AI startup Runway integrates Stable Diffusion for text-to-video editor

Maximilian Schreiner

Runway

Startup Runway shows off an impressive AI video editor controlled by text input. The editor is using the open-source AI Stable Diffusion.

New York-based startup Runway offers an online editor that aims to make content creation accessible to all. To achieve this, the company relies on automation through artificial intelligence.

AI can currently, for example, replace backgrounds with a digital green screen, adjust the style, or remove objects from a video. The company is quickly incorporating new tools for AI-supported content creation into its platform.

Video: RunwayML

Runway has raised more than $45.5 million in funding from investors since its founding in 2018, including $35 million in December 2021 alone.  The increasing maturity of AI applications for images and videos may have been helpful in talks with investors.

Runway shows off new 'text-to-video' feature

The AI startup offers a whole range of different AI models for different features in its backend, including GAN models for generating images that can be used as backgrounds in a video, for example.

Recently, Runway started implementing Stable Diffusion, a powerful open-source model for images. Runway was already actively involved in the creation of Stable Diffusion: Staff member Patrick Esser was a researcher at the University of Heidelberg before joining Runway and was involved in the development of VQGAN and Latent Diffusion.

In a new promotional clip, Runway now shows an impressive text control of the video editor.

Using simple text commands, users can import video clips, generate images, change styles, cut characters, or activate tools.
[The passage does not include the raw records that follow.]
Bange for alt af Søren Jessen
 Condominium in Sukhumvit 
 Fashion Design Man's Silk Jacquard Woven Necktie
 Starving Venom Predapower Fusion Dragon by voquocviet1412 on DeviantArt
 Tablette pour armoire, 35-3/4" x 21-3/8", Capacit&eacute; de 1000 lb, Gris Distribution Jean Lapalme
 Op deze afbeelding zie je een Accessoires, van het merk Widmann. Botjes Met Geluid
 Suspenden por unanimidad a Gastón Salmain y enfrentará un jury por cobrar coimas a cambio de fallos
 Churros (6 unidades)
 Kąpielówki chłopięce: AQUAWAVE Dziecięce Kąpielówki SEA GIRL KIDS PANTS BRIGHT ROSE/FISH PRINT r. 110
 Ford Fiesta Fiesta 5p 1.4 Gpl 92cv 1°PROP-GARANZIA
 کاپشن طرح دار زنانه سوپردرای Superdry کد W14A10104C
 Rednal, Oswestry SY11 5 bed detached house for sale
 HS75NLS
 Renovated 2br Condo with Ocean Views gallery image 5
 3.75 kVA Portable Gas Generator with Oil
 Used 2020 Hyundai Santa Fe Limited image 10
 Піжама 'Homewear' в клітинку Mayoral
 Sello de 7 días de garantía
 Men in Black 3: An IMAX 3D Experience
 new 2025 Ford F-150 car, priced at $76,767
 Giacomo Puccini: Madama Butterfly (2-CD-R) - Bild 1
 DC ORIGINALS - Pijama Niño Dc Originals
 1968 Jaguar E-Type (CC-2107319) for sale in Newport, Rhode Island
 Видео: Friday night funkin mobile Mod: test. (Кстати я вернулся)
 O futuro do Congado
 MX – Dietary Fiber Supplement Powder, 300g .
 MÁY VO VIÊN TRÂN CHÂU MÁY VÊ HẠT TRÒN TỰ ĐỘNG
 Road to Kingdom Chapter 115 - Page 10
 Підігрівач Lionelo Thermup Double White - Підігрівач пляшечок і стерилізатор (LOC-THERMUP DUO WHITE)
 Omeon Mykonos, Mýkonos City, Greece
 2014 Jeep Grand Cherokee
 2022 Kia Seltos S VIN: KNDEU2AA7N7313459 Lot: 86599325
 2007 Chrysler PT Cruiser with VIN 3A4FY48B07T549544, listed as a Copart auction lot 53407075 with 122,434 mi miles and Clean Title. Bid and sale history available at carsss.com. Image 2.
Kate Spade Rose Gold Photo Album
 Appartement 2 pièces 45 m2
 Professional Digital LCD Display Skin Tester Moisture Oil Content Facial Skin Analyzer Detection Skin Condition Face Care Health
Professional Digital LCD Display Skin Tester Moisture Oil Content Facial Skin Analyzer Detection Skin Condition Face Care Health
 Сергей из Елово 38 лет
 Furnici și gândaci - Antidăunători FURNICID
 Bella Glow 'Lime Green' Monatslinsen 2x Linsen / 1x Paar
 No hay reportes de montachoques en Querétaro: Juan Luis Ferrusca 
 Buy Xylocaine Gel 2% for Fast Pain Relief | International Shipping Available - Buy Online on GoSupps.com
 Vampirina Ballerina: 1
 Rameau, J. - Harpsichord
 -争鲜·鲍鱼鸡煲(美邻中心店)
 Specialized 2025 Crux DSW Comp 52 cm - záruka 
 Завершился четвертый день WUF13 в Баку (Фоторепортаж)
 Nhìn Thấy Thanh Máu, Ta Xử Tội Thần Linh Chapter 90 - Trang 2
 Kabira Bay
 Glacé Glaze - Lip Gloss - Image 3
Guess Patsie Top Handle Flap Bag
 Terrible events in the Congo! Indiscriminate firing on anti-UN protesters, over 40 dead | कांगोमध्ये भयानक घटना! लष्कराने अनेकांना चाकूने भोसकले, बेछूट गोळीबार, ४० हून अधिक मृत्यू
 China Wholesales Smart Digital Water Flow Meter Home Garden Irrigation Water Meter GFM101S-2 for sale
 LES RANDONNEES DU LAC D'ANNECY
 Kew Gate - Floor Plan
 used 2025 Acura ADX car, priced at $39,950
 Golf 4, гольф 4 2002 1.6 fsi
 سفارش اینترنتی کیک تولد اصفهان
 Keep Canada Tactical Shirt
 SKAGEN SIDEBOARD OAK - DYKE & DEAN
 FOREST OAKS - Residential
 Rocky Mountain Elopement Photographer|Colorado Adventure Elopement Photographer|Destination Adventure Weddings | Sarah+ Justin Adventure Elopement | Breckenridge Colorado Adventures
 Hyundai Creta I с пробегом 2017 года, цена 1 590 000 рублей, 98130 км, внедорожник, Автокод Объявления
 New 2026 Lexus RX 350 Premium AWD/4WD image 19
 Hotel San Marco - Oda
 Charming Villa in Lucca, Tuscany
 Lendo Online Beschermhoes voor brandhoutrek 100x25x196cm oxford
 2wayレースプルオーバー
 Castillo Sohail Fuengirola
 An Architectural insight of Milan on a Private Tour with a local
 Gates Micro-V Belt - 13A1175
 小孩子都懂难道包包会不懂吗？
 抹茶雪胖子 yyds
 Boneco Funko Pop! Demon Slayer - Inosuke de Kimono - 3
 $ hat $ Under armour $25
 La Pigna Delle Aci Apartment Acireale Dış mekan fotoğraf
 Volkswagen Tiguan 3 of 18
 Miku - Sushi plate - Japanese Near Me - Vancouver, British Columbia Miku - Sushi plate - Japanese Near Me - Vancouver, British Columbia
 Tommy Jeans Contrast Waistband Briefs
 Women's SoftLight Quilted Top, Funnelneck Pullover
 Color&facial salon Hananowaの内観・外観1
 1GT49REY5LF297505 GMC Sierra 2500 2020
Text-to-video feature is actually a text control

Runway markets the new feature as text-to-video, an apt description that can nonetheless be confusing: In technical jargon, AI systems like DALL-E 2, Midjourney, or Stable Diffusion are called text-to-image systems. They receive text input and generate a matching image.

However, Runway's text-to-video feature controls existing video tools via text input. It is not a generative video model that produces video from text input.

Such systems also exist: Deepmind recently showed its Transframer model, which creates 30-second video clips based on text. But they are still far removed in quality from the now quite mature image models.

The workflow of numerous creatives will nevertheless be greatly simplified by Runway's new feature. It also shows that the startup's bet on simple, AI-powered video production is working.